What to work on: Look through the entries below and extract exactly the lines from the one containing "Wolfoo Kids Songs" through the one containing "Belkin SOUNDFORM Nano", ends included.

Extracted records:
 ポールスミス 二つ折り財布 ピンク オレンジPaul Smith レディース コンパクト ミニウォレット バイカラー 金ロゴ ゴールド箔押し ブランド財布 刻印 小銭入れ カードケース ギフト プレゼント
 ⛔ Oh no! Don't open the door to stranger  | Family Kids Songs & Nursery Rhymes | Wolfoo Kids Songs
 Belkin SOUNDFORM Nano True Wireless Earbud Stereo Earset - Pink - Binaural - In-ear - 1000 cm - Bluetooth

--

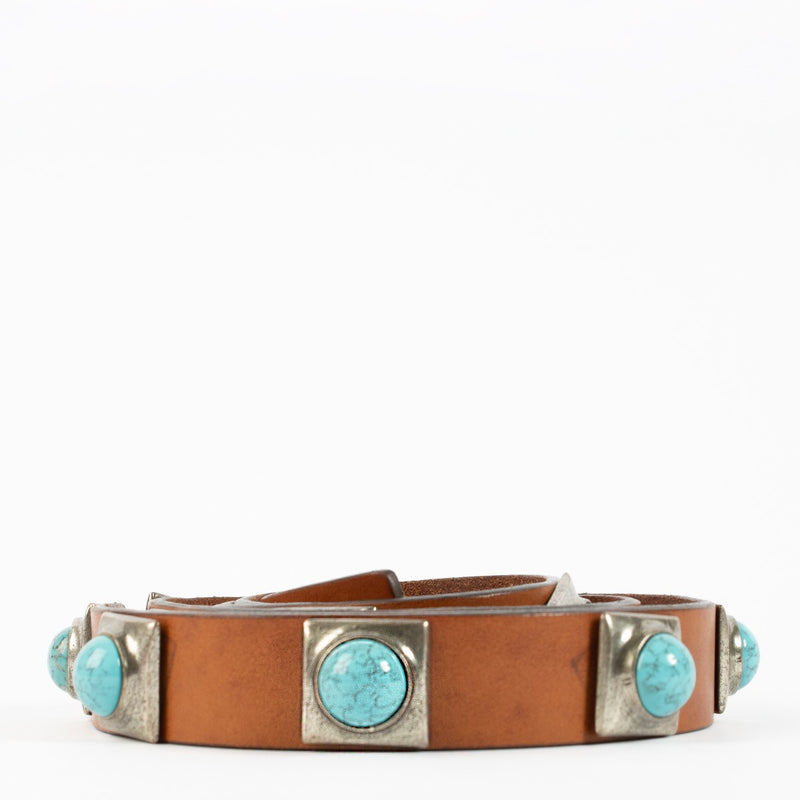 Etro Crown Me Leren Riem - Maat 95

* * *

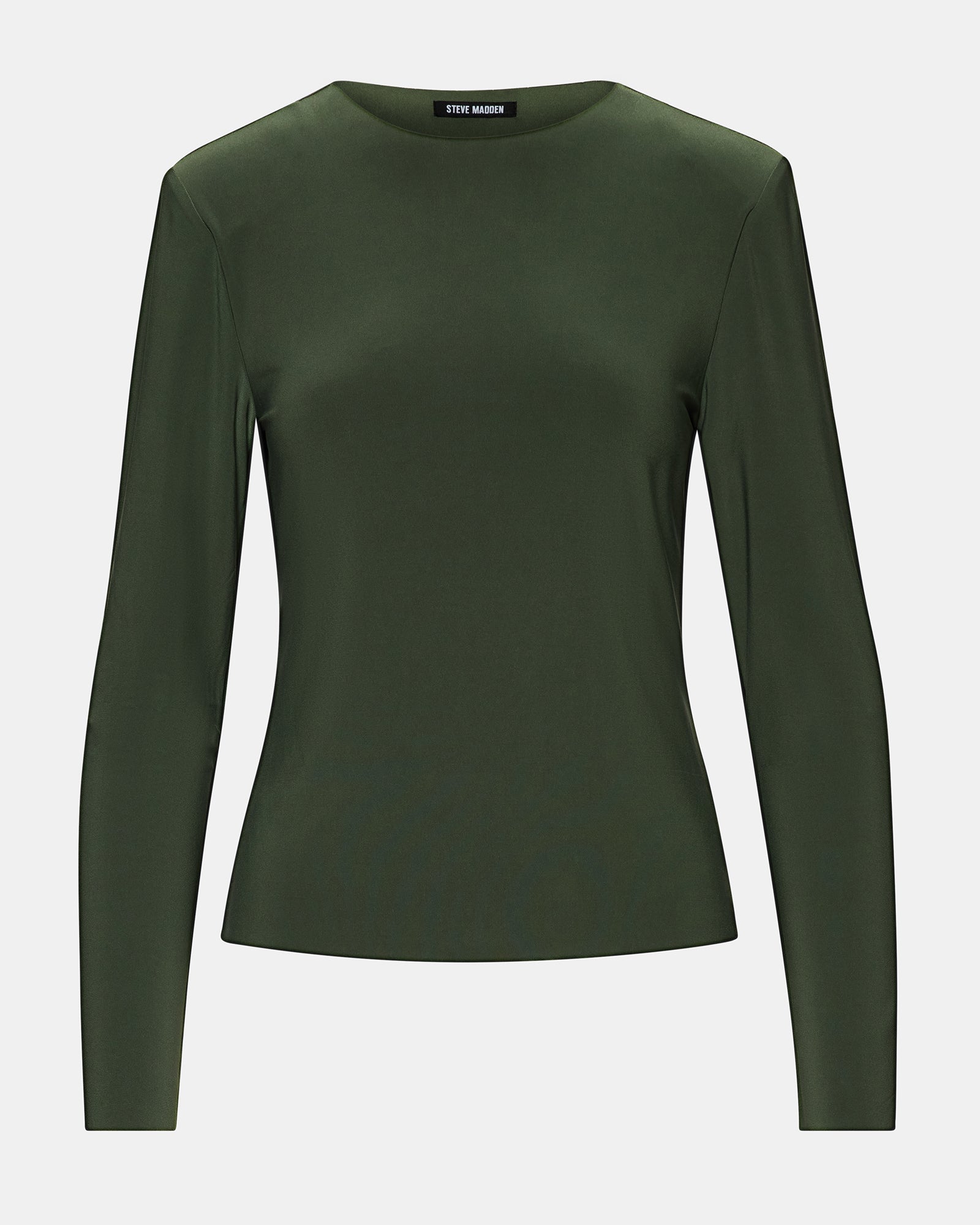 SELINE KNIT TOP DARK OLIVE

Reply to the task:
 ⛔ Oh no! Don't open the door to stranger  | Family Kids Songs & Nursery Rhymes | Wolfoo Kids Songs
 Belkin SOUNDFORM Nano True Wireless Earbud Stereo Earset - Pink - Binaural - In-ear - 1000 cm - Bluetooth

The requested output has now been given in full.